The mayor plowed on. "We need to figure out a proper structure to govern ourselves by. We can't just stick with a mayor and a town council. So what we want to propose is that we elect an emergency committee to draw up a plan—kind of a constitutional convention. The same committee should oversee things in the interim. And we need to elect somebody as the committee's chairman. He—or she—can make whatever immediate decisions are needed."
Someone in the crowd shouted out the mayor's own name. Dreeson shook his head vehemently. "Not me! The town council raised that idea already, and I turned 'em down. I'm sixty-six years old, folks. I'm a small-town mayor, that's it." The elderly man at the podium stood a little straighter. "Been pretty good at it, if I say so myself, and I'll be glad to stay on in that capacity. But there's no way I'm the right man to—" He waved his hand. The gesture was neither feeble, nor hopeless. But it conveyed the sense of impending catastrophe nonetheless.
A motion at the edge of the crowd drew Mike's attention. John Simpson, his sister's new father-in-law, was stepping forward to the microphone. The well-dressed man moved with the same self-confidence with which he had addressed numerous stockholders' meetings. He did not push the mayor aside so much as he forced him to yield the microphone by sheer authoritativeness.
"I agree with Mayor Dreeson," he said forcefully. "We are in an emergency. That calls for emergency management."
Another, less self-confident, man would have cleared his throat before proceeding. Not John Chandler Simpson. "I propose myself as the chairman of the emergency committee. I realize that I'm not well-known to most of you. But since I'm certain that I am better qualified than anyone here, I have no choice but to put myself forward for the position. I've been the chief executive officer of a major corporation for many years now. And before that I was an officer in the United States Navy. Served in the Pentagon."
Next to him, Mike heard Frank Jackson mutter: "Gee, what a self-sacrificing gesture."
Mike repressed his own snort of derision. Yeah, like Napoleon volunteering to take the throne. For the good of the nation, of course.
Quickly, he scanned the faces in the crowd. Mike could detect some signs of resentment at a stranger's instant readiness to take command. But not much. In truth, Simpson's decisiveness was obviously hitting a responsive chord. People floating in the water after a shipwreck are not inclined to question the origin of a lifeboat. Or the quality of its captain, as long as the man seems to know what he's doing and has a loud voice.
He brought his attention back to Simpson. "—first thing is to seal off the town," Simpson was saying. "Our resources are going to be stretched tight as it is. Very tight. We're going to have to cut back on everything, people. Down to the bone. We certainly aren't going to have anything to spare for the refugees who seem to be flooding the area."
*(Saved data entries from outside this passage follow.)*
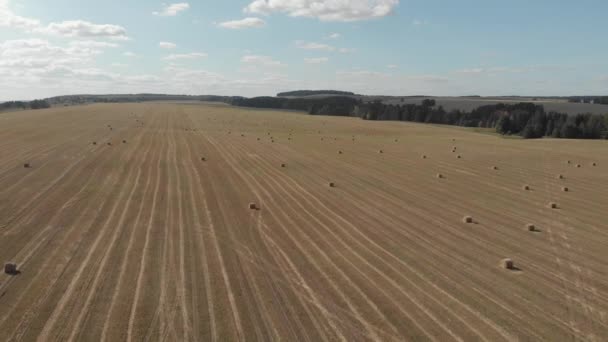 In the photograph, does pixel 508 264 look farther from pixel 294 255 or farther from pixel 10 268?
pixel 10 268

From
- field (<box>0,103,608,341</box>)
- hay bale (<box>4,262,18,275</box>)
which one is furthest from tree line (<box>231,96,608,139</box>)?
hay bale (<box>4,262,18,275</box>)

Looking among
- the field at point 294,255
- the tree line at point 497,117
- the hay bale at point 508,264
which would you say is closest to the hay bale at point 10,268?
the field at point 294,255

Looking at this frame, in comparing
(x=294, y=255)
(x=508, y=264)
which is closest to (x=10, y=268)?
(x=294, y=255)

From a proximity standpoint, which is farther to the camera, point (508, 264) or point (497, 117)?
point (497, 117)

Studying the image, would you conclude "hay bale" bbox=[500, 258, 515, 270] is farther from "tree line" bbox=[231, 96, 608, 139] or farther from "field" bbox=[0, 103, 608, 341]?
"tree line" bbox=[231, 96, 608, 139]

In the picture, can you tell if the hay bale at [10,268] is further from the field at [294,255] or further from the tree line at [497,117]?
the tree line at [497,117]

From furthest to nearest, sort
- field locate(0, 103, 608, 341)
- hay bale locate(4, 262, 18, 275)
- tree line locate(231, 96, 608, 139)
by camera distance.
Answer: tree line locate(231, 96, 608, 139) → hay bale locate(4, 262, 18, 275) → field locate(0, 103, 608, 341)

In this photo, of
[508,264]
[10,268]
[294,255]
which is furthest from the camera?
[294,255] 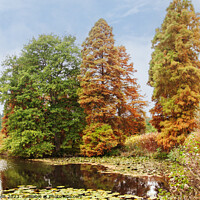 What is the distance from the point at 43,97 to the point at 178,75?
1036 centimetres

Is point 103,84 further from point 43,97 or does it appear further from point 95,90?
point 43,97

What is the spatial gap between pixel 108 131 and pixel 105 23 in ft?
27.2


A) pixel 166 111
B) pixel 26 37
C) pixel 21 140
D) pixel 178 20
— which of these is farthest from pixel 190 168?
pixel 26 37

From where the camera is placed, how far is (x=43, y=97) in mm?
15148

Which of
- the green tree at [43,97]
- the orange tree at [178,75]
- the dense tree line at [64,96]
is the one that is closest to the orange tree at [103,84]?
the dense tree line at [64,96]

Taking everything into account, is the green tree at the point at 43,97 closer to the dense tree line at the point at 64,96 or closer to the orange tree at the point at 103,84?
the dense tree line at the point at 64,96

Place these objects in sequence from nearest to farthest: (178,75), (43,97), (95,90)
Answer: (178,75) → (95,90) → (43,97)

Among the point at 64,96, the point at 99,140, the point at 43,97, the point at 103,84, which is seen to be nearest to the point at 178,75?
the point at 103,84

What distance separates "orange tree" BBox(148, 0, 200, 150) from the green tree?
686 cm

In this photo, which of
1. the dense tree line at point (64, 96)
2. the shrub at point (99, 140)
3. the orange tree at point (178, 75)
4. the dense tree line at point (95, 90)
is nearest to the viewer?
the orange tree at point (178, 75)

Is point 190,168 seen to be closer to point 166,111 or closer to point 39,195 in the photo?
point 39,195

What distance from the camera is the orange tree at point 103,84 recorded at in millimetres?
13070

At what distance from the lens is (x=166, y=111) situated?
A: 10.0 m

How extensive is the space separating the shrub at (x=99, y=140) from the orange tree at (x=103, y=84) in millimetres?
102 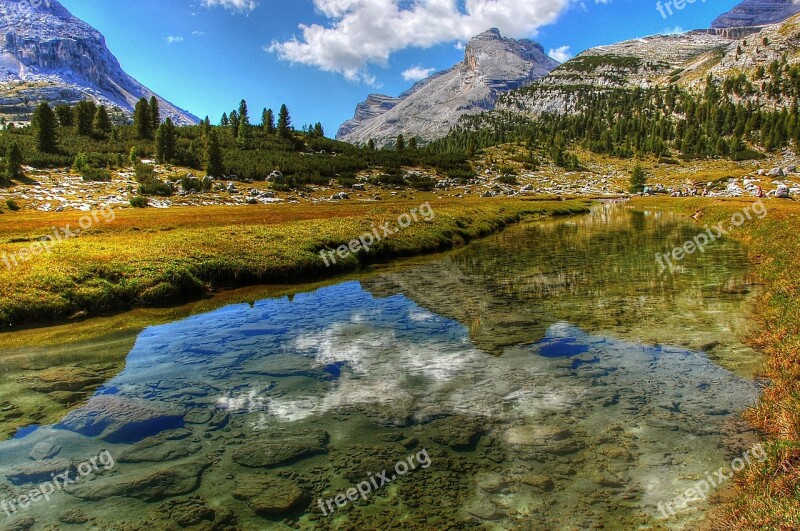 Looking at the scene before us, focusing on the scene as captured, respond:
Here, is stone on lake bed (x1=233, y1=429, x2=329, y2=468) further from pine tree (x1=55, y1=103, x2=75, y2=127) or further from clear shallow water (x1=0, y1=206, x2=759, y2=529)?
pine tree (x1=55, y1=103, x2=75, y2=127)

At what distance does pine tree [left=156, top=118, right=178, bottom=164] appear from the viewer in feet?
401

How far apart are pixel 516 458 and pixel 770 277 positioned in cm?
2483

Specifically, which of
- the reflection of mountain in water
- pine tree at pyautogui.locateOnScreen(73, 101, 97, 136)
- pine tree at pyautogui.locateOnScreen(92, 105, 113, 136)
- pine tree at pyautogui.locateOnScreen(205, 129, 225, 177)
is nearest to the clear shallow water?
the reflection of mountain in water

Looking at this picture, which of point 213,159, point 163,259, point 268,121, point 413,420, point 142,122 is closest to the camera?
point 413,420

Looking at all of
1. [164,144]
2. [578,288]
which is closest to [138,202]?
[164,144]

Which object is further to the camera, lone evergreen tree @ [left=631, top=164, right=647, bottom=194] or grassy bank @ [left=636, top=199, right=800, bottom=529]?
lone evergreen tree @ [left=631, top=164, right=647, bottom=194]

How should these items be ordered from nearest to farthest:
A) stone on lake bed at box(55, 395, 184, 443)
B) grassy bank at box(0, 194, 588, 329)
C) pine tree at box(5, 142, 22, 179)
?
stone on lake bed at box(55, 395, 184, 443) < grassy bank at box(0, 194, 588, 329) < pine tree at box(5, 142, 22, 179)

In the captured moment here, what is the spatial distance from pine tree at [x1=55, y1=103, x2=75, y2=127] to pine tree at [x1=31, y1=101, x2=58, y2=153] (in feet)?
121

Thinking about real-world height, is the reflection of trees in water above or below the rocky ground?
below

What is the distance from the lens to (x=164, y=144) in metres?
123

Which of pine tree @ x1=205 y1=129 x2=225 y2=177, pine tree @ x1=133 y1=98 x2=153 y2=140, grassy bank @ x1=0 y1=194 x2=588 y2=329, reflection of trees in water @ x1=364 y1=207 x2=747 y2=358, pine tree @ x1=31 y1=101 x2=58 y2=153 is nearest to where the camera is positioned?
reflection of trees in water @ x1=364 y1=207 x2=747 y2=358

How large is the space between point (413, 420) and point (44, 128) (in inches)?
5698

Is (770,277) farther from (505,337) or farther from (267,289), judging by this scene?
(267,289)

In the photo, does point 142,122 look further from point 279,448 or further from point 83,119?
point 279,448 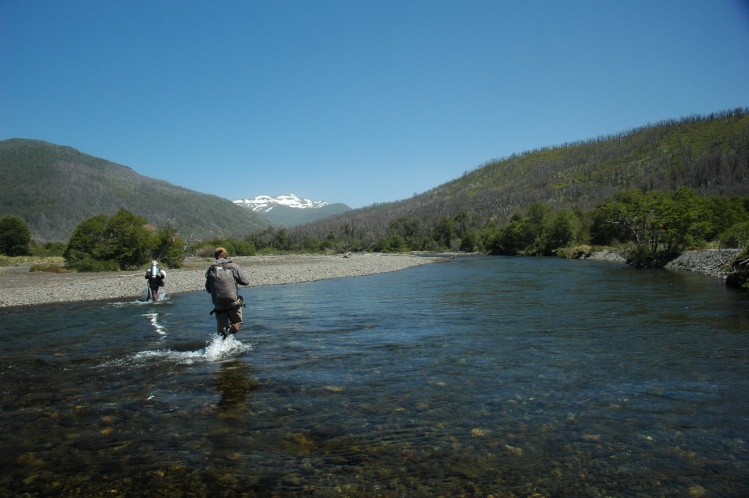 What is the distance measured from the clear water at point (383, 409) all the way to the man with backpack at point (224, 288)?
766 millimetres

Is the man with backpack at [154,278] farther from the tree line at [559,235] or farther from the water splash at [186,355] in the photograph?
the tree line at [559,235]

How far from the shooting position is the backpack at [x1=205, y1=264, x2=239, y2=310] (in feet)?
38.7

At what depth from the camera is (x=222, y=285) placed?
11797 mm

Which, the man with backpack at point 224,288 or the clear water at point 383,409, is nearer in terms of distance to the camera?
the clear water at point 383,409

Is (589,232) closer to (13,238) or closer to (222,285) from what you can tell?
(222,285)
Mike saw Simpson cast a quick glance toward him and his little cluster of coal miners. Simpson's face was tight with disapproval. Over the past three days, Mike and his coal miners had made no effort to drive away the small army of refugees who were beginning to fill the surrounding woods. Once he was satisfied that a new group was unarmed, Mike had tried to coax them out of hiding. With no success, so far, except for one family which had taken shelter in the town's outlying Methodist church.
"I say it again," Simpson drove on. "We must seal the border. There's a tremendous danger of disease, if nothing else." Simpson pointed an accusing finger at the south wall of the gymnasium. The banners hanging there, proudly announcing North Central High School's statewide football championships—1980, 1981, and again in l997—seemed to be surrogates for his damnation. "Those people—" He paused. The pause, as much as the tone, indicated Simpson's questioning of the term "people." "Those creatures are plague-carriers. They'll strip us of everything we own, like locusts. It will be a toss-up, whether we all die of starvation or disease. So—"
Mike found himself marching toward the podium. He felt a little light-headed, as he always had climbing into the ring. Old habit forced him to ignore the sensation, drive it out, bring his mind into focus.
The light-headed sensation was not nervousness so much as sheer nervous energy. And anger, he realized. That too he drove aside. This was no time to lose his temper. The effort of doing so brought home to him just how deeply furious he was. Simpson's last few sentences had scraped his soul raw.
First thing we do, we put the lawyers and the suits in charge. Then we hang all the poor white trash. As he approached the podium, he caught sight of James Nichols standing next to his daughter. Oh, yeah. String up the niggers too, while we're at it. The image of a beautiful face came to him. And fry the kikes, of course.